I proudly took the letters to the publisher, who, without reading them, pointed to the longest one and said, “Too long. Cut it in half.” Which I did, of course, albeit grudgingly. But I now had to manufacture a fourth letter from scratch to fill the void, as the three letters I’d chosen were the only ones I’d received that could be massaged into publishable form. It became a parlor game at our house. When we had new friends over I’d hand them my issue of Hawk and ask them to guess which of the letters I’d written. We never had prizes for correct answers, which seems wrong in retrospect.

The copywriting became a push-your-luck game for me. I wanted to find the line they wouldn’t cross, for sport, so I kept pushing the boundaries, writing more and more outlandish nonsense, praying for something to be rejected. Just so I’d know. As it happened, I only ever got one line of copy sent back. There was a feature in Hawk that I, of course, maintained. It was a double-page spread of a brownstone’s windows, alluringly titled Hawk’s Rear Window.

I took promotional stills from porn videos that had been sent to us and dropped them into the window frames, like we were peeking into the windows and watching people have sex. Good times. Nothing mixes better than poor taste and copyright infringement. We rationalized that we were promoting their films, even though there were never credits, and that the photos had been sent to us and we were using them. Wasn’t that the point? No one ever complained, so I guess that was the point.
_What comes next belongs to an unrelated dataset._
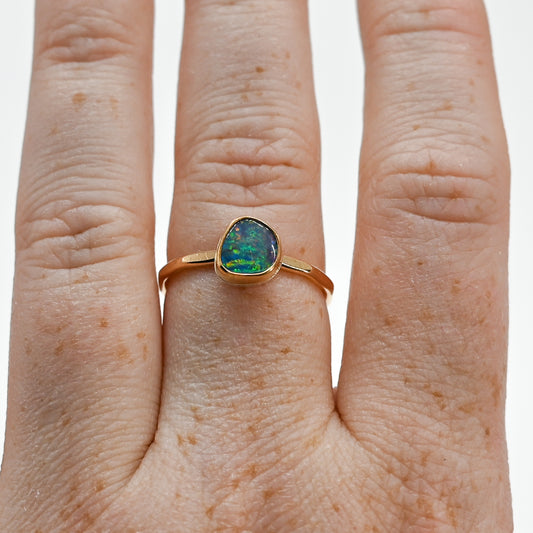 Gold fill Australian opal size 8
But the feature wasn’t complete without captions. Funny captions, according to this Alphonse. And that’s what finally got sent back. I used a photo of seven girls kneeling in a row with their butts to the camera. The caption? “This episode of Sesame Street is brought to you by the number Seven.” Curiously, they didn’t care about the highjacking of someone else’s corporate IP for salacious purposes. I had made reference to a children’s show, and any allusion to children, no matter how vague or abstract, was off limits. Which appeared to be their only line. Nothing else ever got sent back, so, question answered.

My reason for this lengthy digression, and if you’ve made it this far you must be boiling with curiosity, is that I can’t write photo captions for the blog slideshows without thinking of Hawk’s Rear Window. It transports me back to those halcyon days spent with a light box and a loupe.

As a coda, as if necessary, when I finally got a real job Dorothy and I discussed the best I’m-outta-here message. I favored “I have to leave while I can still masturbate,” but calmer heads prevailed. “I know my son is only two, but all I can think about is career day at grade school.” Message delivered, message accepted, next chapter commenced.

Defying any sense of narrative structure, as my career did, that next chapter was as the Technology & Operations Director at a Manhattan advertising agency. Because why the hell not.

Spoiler: it ended weird.

Not unlike this blog post.

P.S. I apologize that this section is nothing but text. But trust me. You don’t want pictures from Hawk.